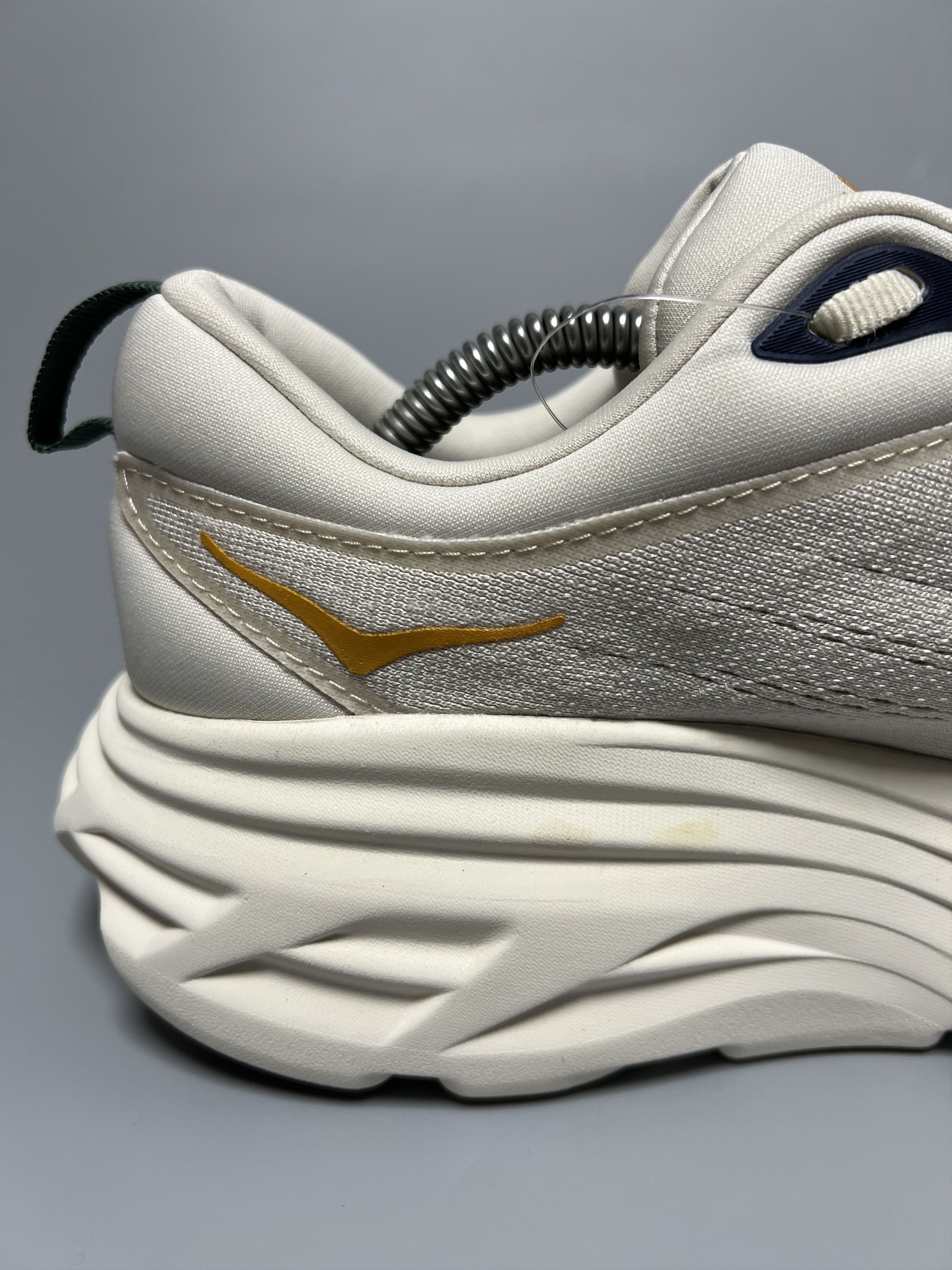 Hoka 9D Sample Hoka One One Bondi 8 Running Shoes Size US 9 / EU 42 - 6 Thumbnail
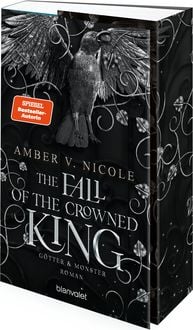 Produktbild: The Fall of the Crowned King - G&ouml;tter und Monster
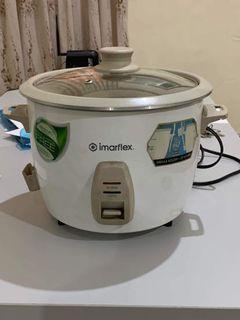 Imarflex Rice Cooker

WORK INSTRUCTIONS
Each line of the data above should be reproduced without alteration, and no picture should appear in the copy.

RESULT BELOW
 Hoka 9D Sample Hoka One One Bondi 8 Running Shoes Size US 9 / EU 42 - 6 Thumbnail
 Produktbild: The Fall of the Crowned King - G&ouml;tter und Monster
 Imarflex Rice Cooker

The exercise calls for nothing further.